What the task requires: Write out the lines below once more, exactly as they appear. Do not include pictures.

+++ Entries shown

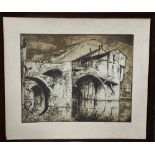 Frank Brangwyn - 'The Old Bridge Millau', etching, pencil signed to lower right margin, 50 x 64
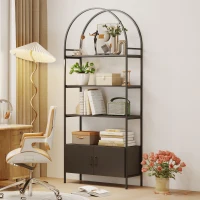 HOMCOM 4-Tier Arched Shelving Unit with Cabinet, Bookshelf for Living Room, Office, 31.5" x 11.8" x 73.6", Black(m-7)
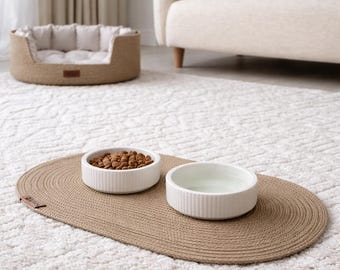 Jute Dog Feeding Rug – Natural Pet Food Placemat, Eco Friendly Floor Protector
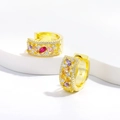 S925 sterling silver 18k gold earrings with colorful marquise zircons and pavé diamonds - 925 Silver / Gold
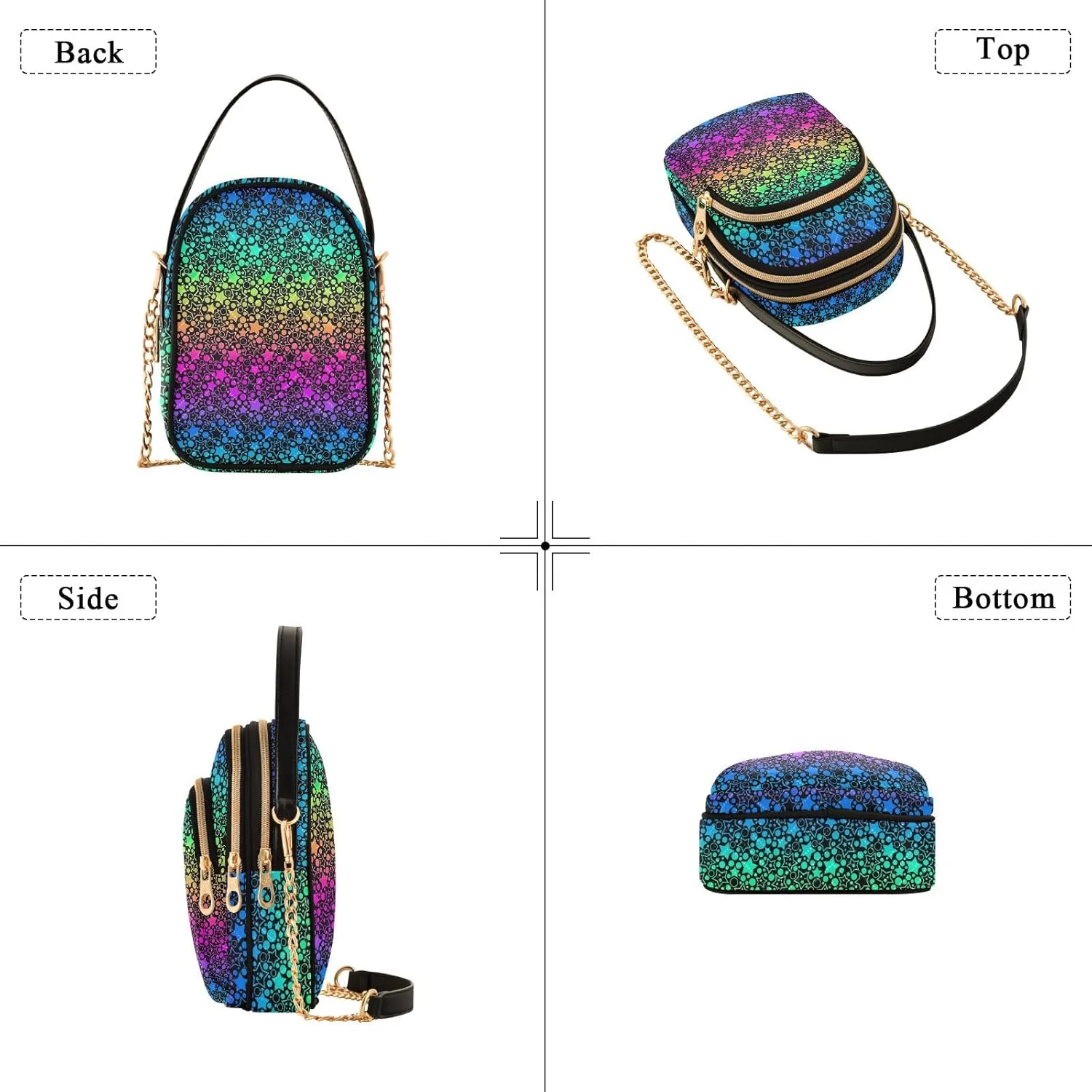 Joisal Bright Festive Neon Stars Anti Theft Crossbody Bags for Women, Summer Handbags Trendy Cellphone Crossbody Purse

++++++

Output:
 Frank Brangwyn - 'The Old Bridge Millau', etching, pencil signed to lower right margin, 50 x 64
 HOMCOM 4-Tier Arched Shelving Unit with Cabinet, Bookshelf for Living Room, Office, 31.5" x 11.8" x 73.6", Black(m-7)
 Jute Dog Feeding Rug – Natural Pet Food Placemat, Eco Friendly Floor Protector
 S925 sterling silver 18k gold earrings with colorful marquise zircons and pavé diamonds - 925 Silver / Gold
 Joisal Bright Festive Neon Stars Anti Theft Crossbody Bags for Women, Summer Handbags Trendy Cellphone Crossbody Purse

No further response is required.